Tout ce qui est civilisateur peut être commandé, soit par l'approbation du véritable objectif de l'unité sociale (par conséquent à partir d'une posture morale de la part de celui qui décide) ou alors par des intérêts purement égoïstes de l'individu ou du groupe. Lorsque ces derniers passent en premier lieu, Pestalozzi parle de « gâchis de civilisation » (Il emploie cette expression environ 120 fois).
Dans les exemples du « gain » et de la « propriété et patrimoine » qui suivent, on peut finalement voir comment Pestalozzi analyse les comportements essentiels des individus et des institutions grâce à sa théorie des trois « conditions ». On observe ainsi que Pestalozzi désigne par « je » ou « moi » l'homme par excellence. Comme le montre le texte, d'après les possibilités, on peut agir soit sans égard et égoïstement (et succomber ainsi à sa propre nature animale) soit reconnaître le but de la socialisation ( sans abandonner totalement son égoïsme mais en le refrénant dans les limites des objectifs et droits sociaux) en théorie, on peut décrire quatre modes d'existence :
- Une existence purement naturelle, libre d'institutions sociales et qui est au fond simplement théorique.
- Celle qui correspond à l'égoïsme naturel et qui ne se soucie point de l'objectif de la socialisation.
- Celle qui est égoïste, mais dans certaines limites et qui, reconnaissant l'objectif social, est légitimement soucieuse de sa propre survie.
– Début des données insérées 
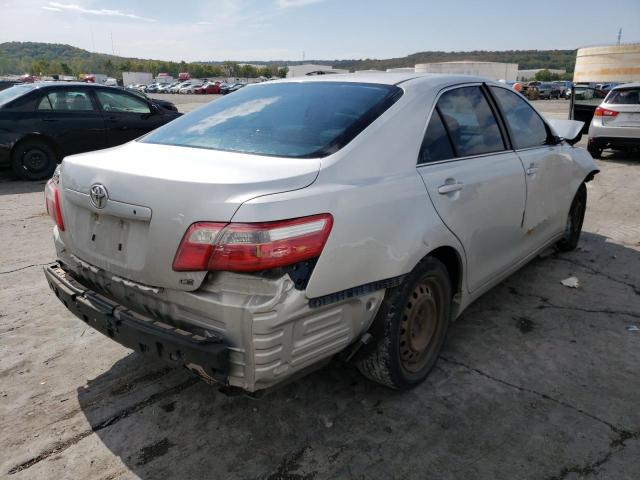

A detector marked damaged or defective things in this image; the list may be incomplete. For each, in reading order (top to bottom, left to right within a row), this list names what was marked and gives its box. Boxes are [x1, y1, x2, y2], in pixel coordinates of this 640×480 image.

damaged white sedan [42, 73, 596, 392]
crumpled rear bumper [43, 264, 228, 384]
rusty wheel rim [400, 280, 440, 374]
- Celle qui est morale, qui s'est élevée par dessus l'égoïsme personnel et dont le seul objectif est le perfectionnement personnel et le bonheur d'autrui.
Gain
En tant que création de la nature, je ne connais aucun gain, l'innocence animale ne gagne rien. Comme création de mon espèce, le gain prend un sens différent, selon, si je reconnais, ou non, l'objectif et le droit de l'union sociale.
Dans le premier cas, prétendre à son droit émane, du moins pour moi, d'un souci personnel que j'ai moi-même placé à l'intérieur des limites socialement légitimes et qui me conduit, dans ces limites-là, à ma satisfaction personnelle, dans ma situation immédiate.
Dans l'autre cas, je prétends avoir droit à un gain, ce droit repose entièrement sur la liberté de mon égoïsme animal, et j'apparais face à la société, sans force sociale et contre moi-même, sans aucune volonté sociale limitée par les barrières sociales, succombant ainsi aux sentiments animaux de ma nature corrompue – c'est à dire : à moi-même comme œuvre de la nature (Note de Pestalozzi : dans les paragraphes suivants et pour éviter la lourdeur des répétitions on va désigner cette caractéristique personnelle simplement par les termes « soumis à l'oeuvre de la nature »).
Propriété et patrimoine
Comme œuvre/création de la nature je ne connais aucune propriété, aucun patrimoine car l'innocence ne possède rien. Sous l'emprise de la nature j'essaie d'étendre mon droit à la propriété au-delà de ce que la finalité du contrat social autorise. Dans cet état « naturel » de ma personne, l'oppression croissante des personnes qui me sont soumises, à cause de ma propriété, me laisse indifférent et je reste insensible à la satisfaction essentielle et légitime de ceux qui aspirent à la propriété sociale, comme à celle des propriétaires.
Note : Par « propriété », Pestalozzi comprend la « propriété foncière ». Par « charges » il se réfère aux intérêts et à la dîme. Les « êtres humains soumis à la propriété » sont identiques à « ceux qui aspirent à la propriété », soit ceux dont le gain en dépend (du tribut des paysans obligés à payer des intérêts et des dîmes). Je ne suis pas satisfait, dans cet état propre à ma personne, si les usufruitiers de ma propriété soumis à ma personne considèrent bonne et juste l'injustice originelle du patrimoine, je veux aussi qu'ils m'autorisent à me servir de la liberté animale, dans laquelle la propriété dans le monde trouve presque partout son origine. (Remarque : Dans l'appropriation première de la terre et du sol, Pestalozzi ne reconnaît aucun droit social, et de ce fait, il propose comme un moindre mal d'accepter – une fois que ce pas a été franchi – le non-droit (injustice) originel et déjà existant à l'appropriation – parce qu'en remettant en cause le droit à la propriété, on risquerait de compromettre les liens sociaux.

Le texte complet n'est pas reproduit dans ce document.